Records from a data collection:

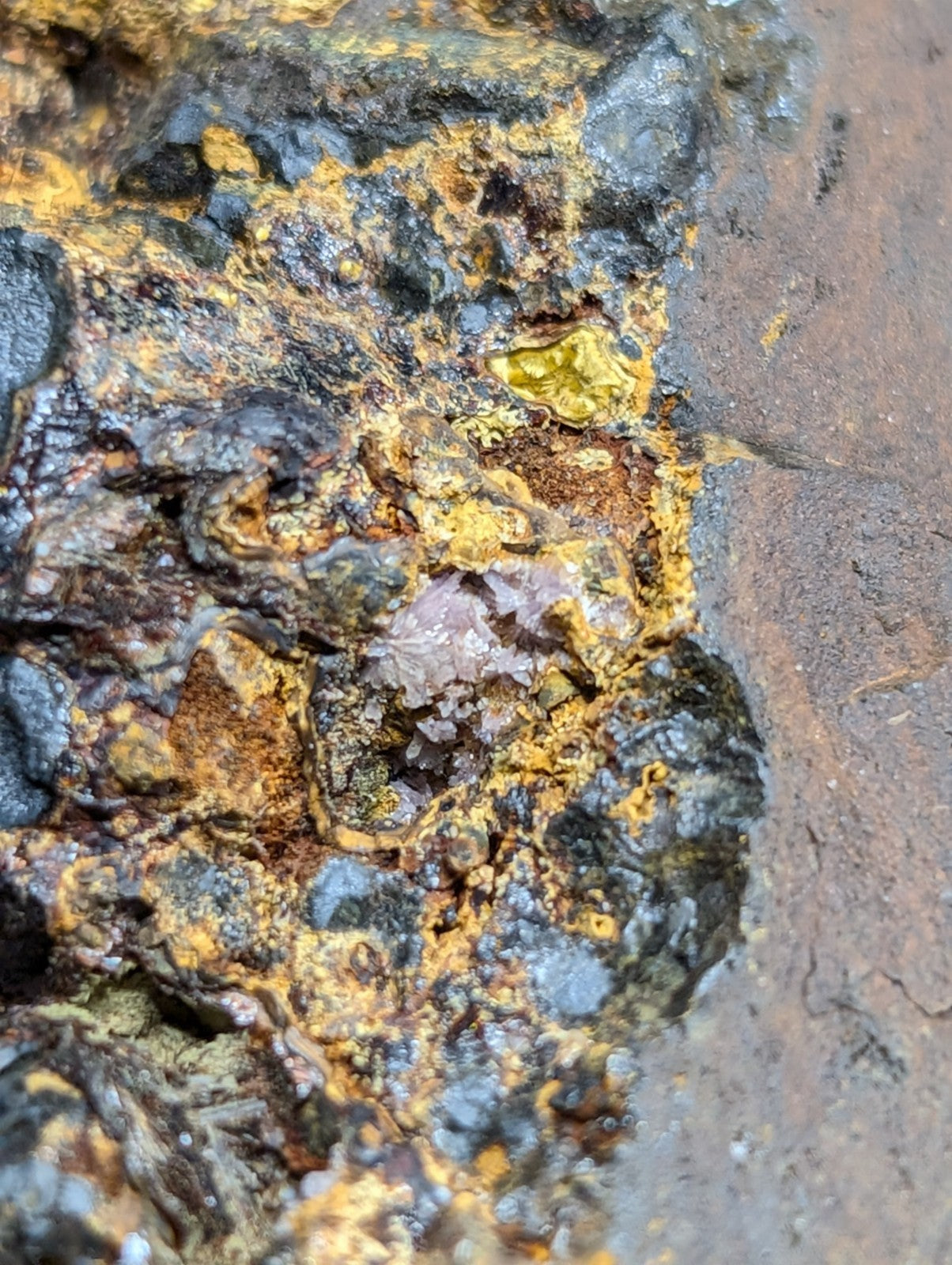 A weathered, rust-speckled metal surface with patches of yellowish corrosion and darkened areas.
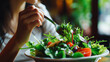 A close-up of a woman enjoying a healthy food salad, symbolizing attention to nutrition and body well-being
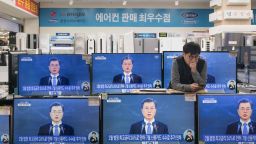A live broadcast shows South Korea's President Moon Jae-In delivering his New Year's address on television screens at an electronics mall in Seoul on January 10, 2018.
Denuclearisation of the Korean peninsula is "the path to peace and our goal", South Korean President Moon Jae-In said, a day after the North agreed to send its athletes to the Winter Olympics in his country. / AFP PHOTO / Ed JONES        (Photo credit should read ED JONES/AFP/Getty Images)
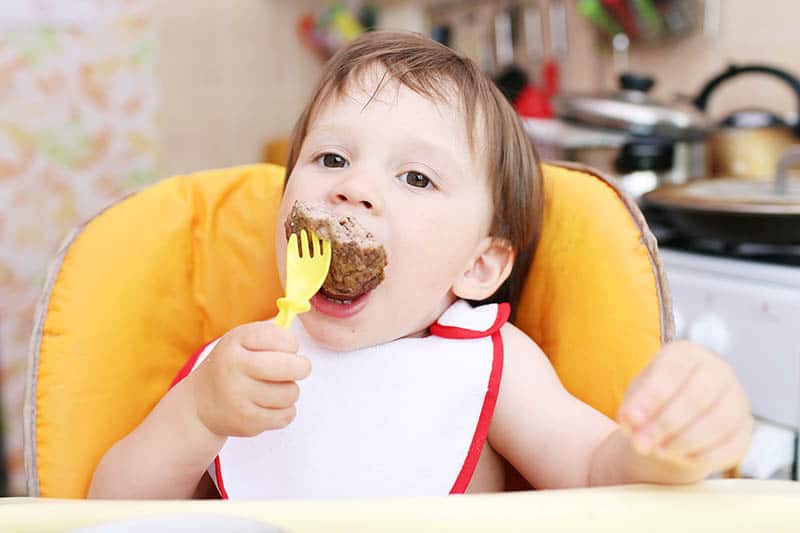 baby toddler boy eating meat 
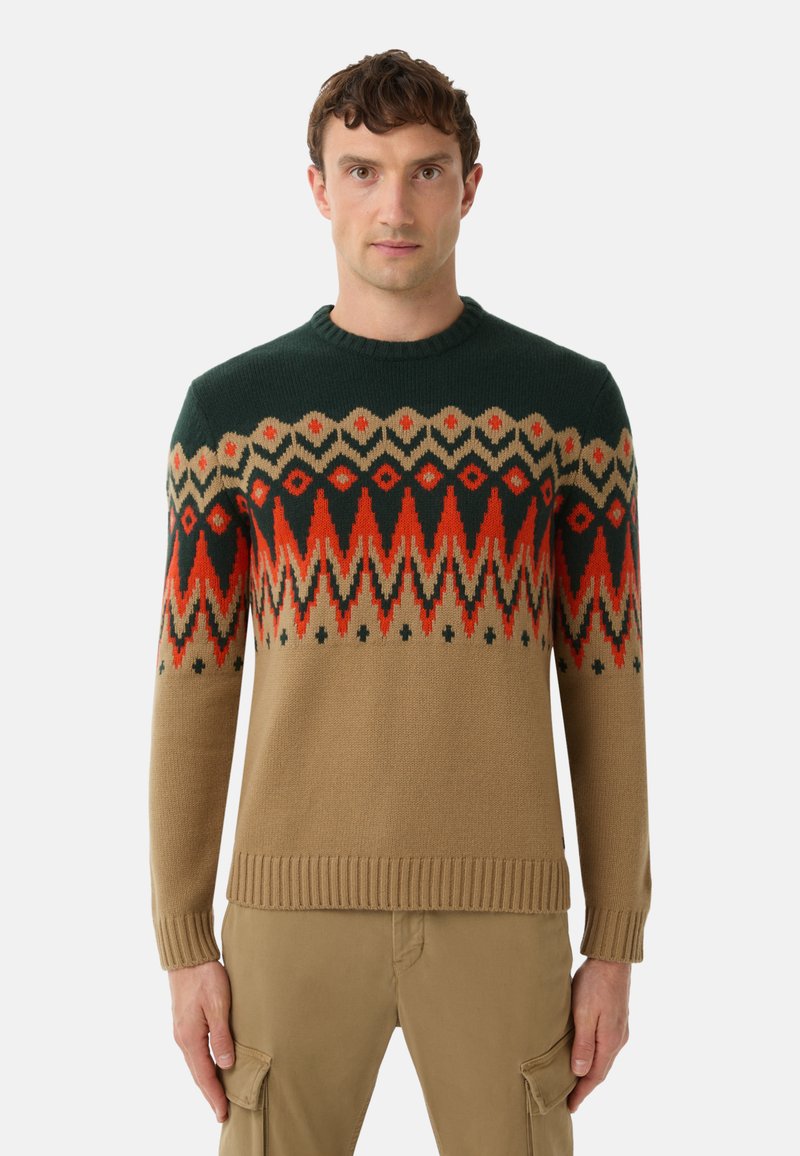 Man wearing tan cargo pants and a crewneck sweater with green, red, black, and tan geometric patterns across the chest and sleeves.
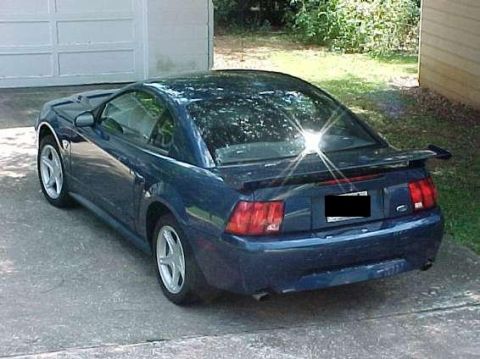 1999 Ford Mustang - Rear view of a dark blue 1999 Ford Mustang coupe with a spoiler.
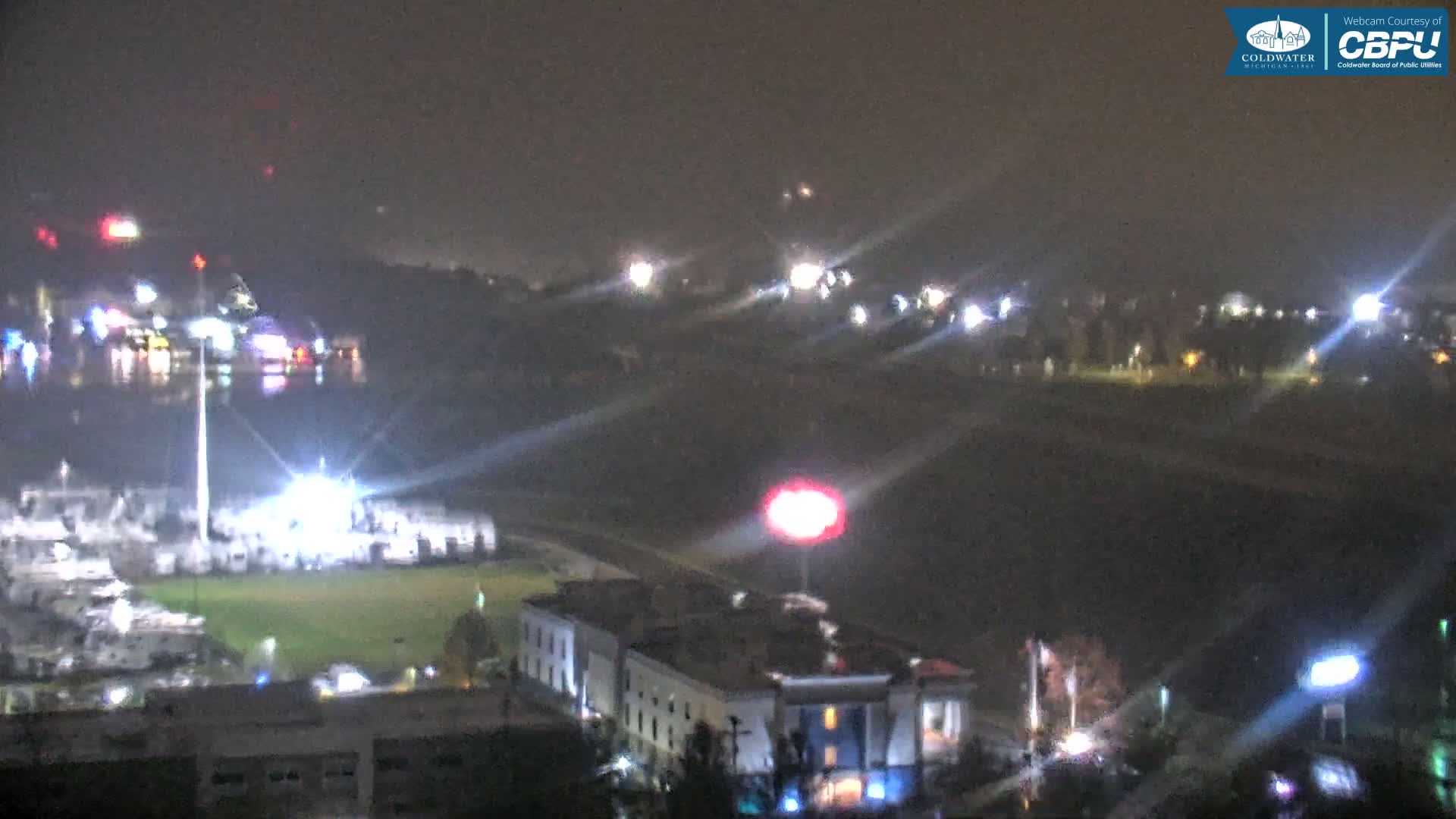 An illuminated townscape at night features a body of water reflecting numerous colorful lights, brightly lit buildings, and a prominent glowing red sign, all under hazy, overcast conditions.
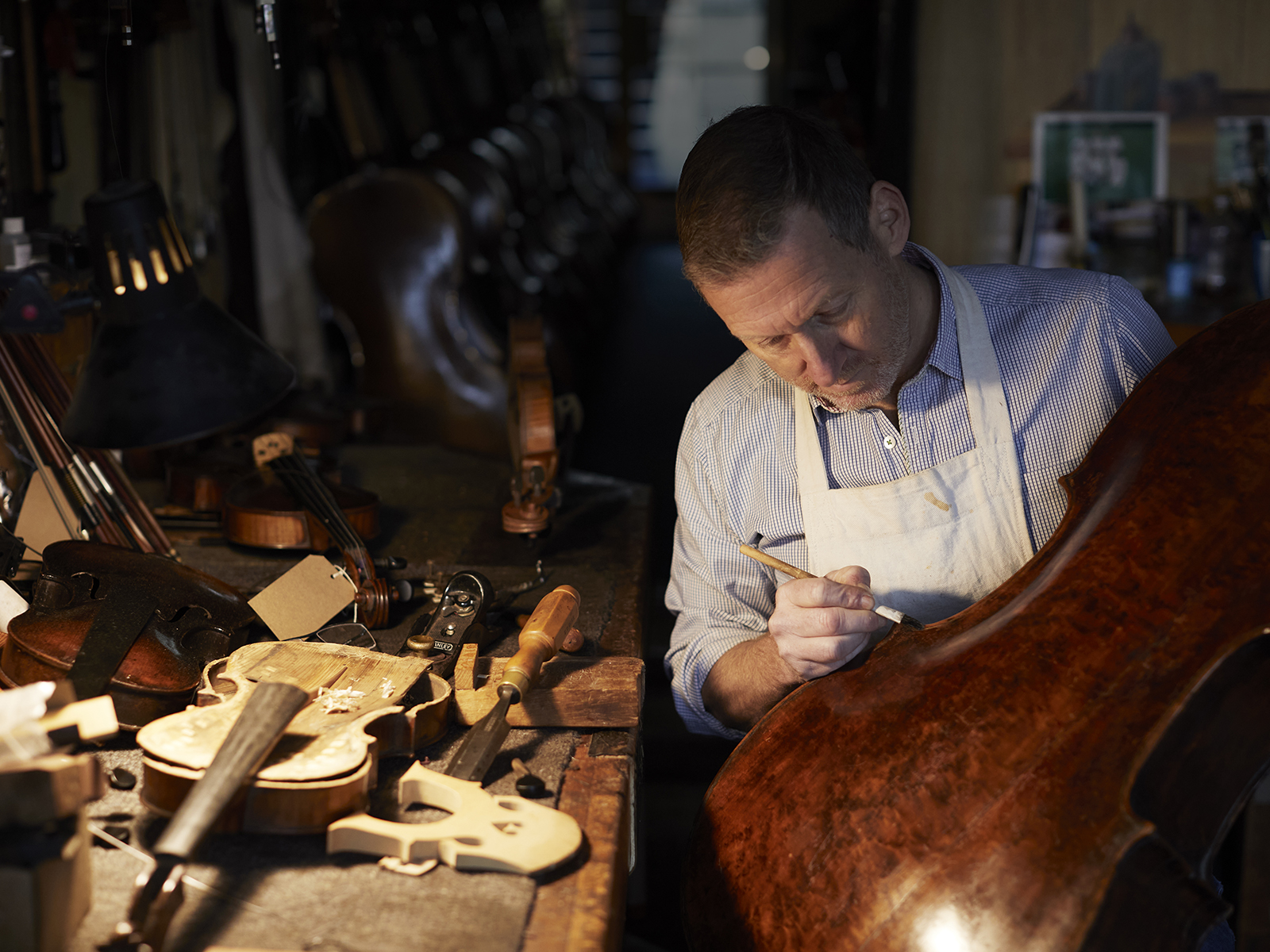 Violin maker Russell Stowe works on a cello by lamplight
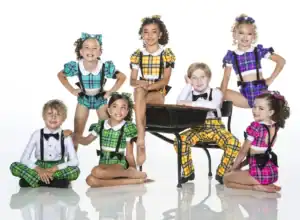 Seven children in colorful plaid dance costumes posing together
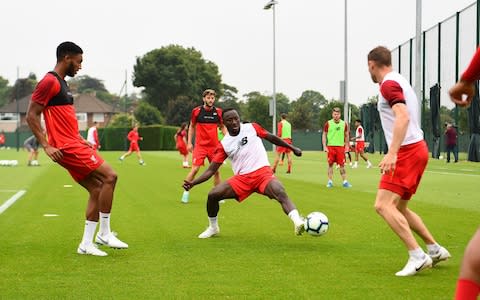 Naby Keita (centre) training with Liverpool at Melwood - Credit: getty images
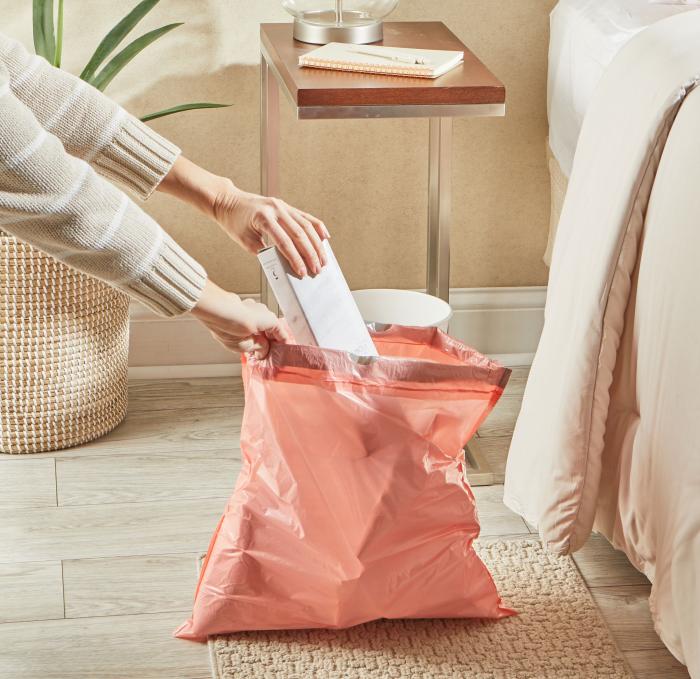 person placing garbage in a small peach colored trash bag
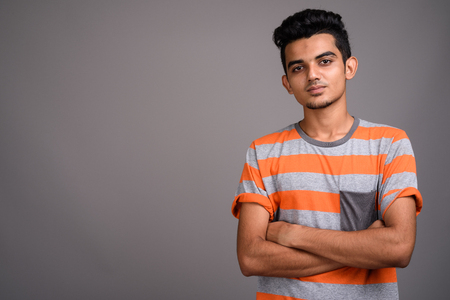Young Indian man against gray backgroundの写真素材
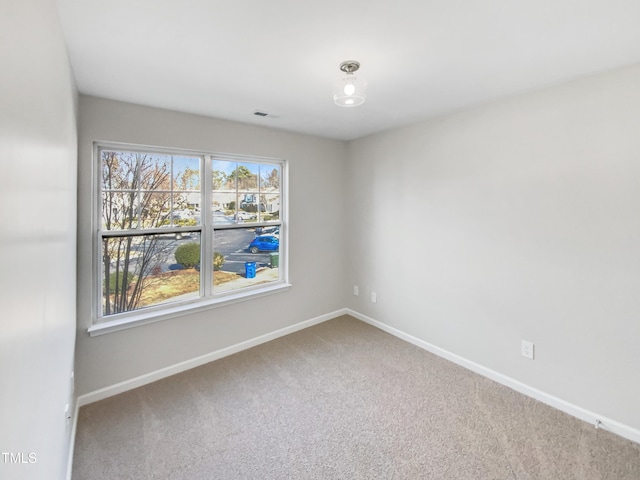 spare room featuring carpet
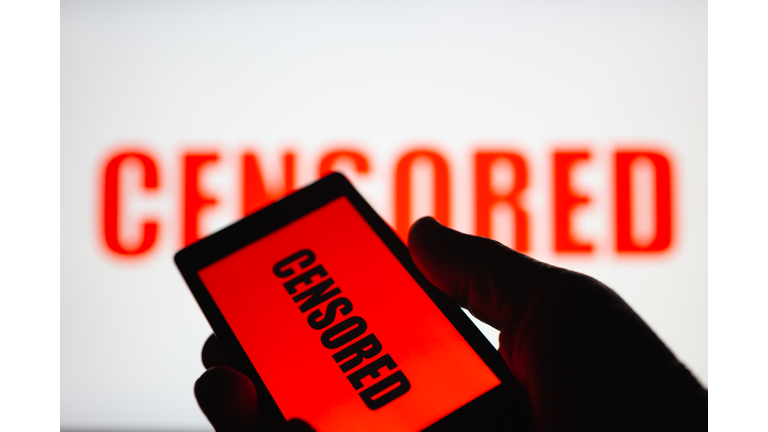 A smartphone in hand displaying the "censored" text. Same text in red blurred on white background. The concept of censorship on popular social networks. Restricted access to internet. Shallow DOF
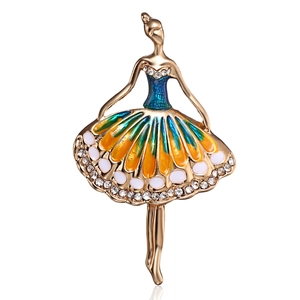 Detailed macro view of a ballet dancer brooch with colorful enamel and sparkling rhinestones
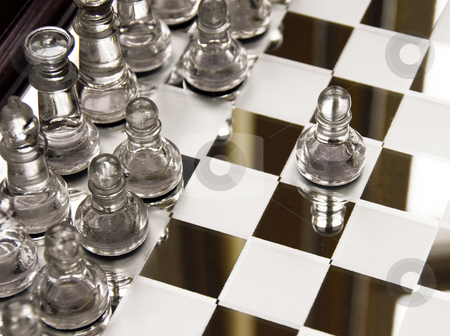 To use this stock image in your creative project, please select the size you need over to the right and click the "Add to Cart" button.
Your downloaded image will come with the Cutcaster watermark removed so don’t worry about the watermark you see on this page. Chessboard stock photo, Glass chessboard with first beginning position of pawn by Julija Sapic
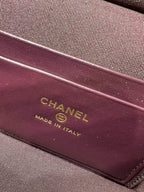 Maroon Chanel label reading “CHANEL” and “MADE IN ITALY” on handbag lining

Required work:
Could you write out exactly the lines of the data above that run from the one holding "spare room featuring carpet" to the one holding "Your downloaded image", with both ends in and all pictures out?

Result:
 spare room featuring carpet
 A smartphone in hand displaying the "censored" text. Same text in red blurred on white background. The concept of censorship on popular social networks. Restricted access to internet. Shallow DOF
 Detailed macro view of a ballet dancer brooch with colorful enamel and sparkling rhinestones
 To use this stock image in your creative project, please select the size you need over to the right and click the "Add to Cart" button.
Your downloaded image will come with the Cutcaster watermark removed so don’t worry about the watermark you see on this page. Chessboard stock photo, Glass chessboard with first beginning position of pawn by Julija Sapic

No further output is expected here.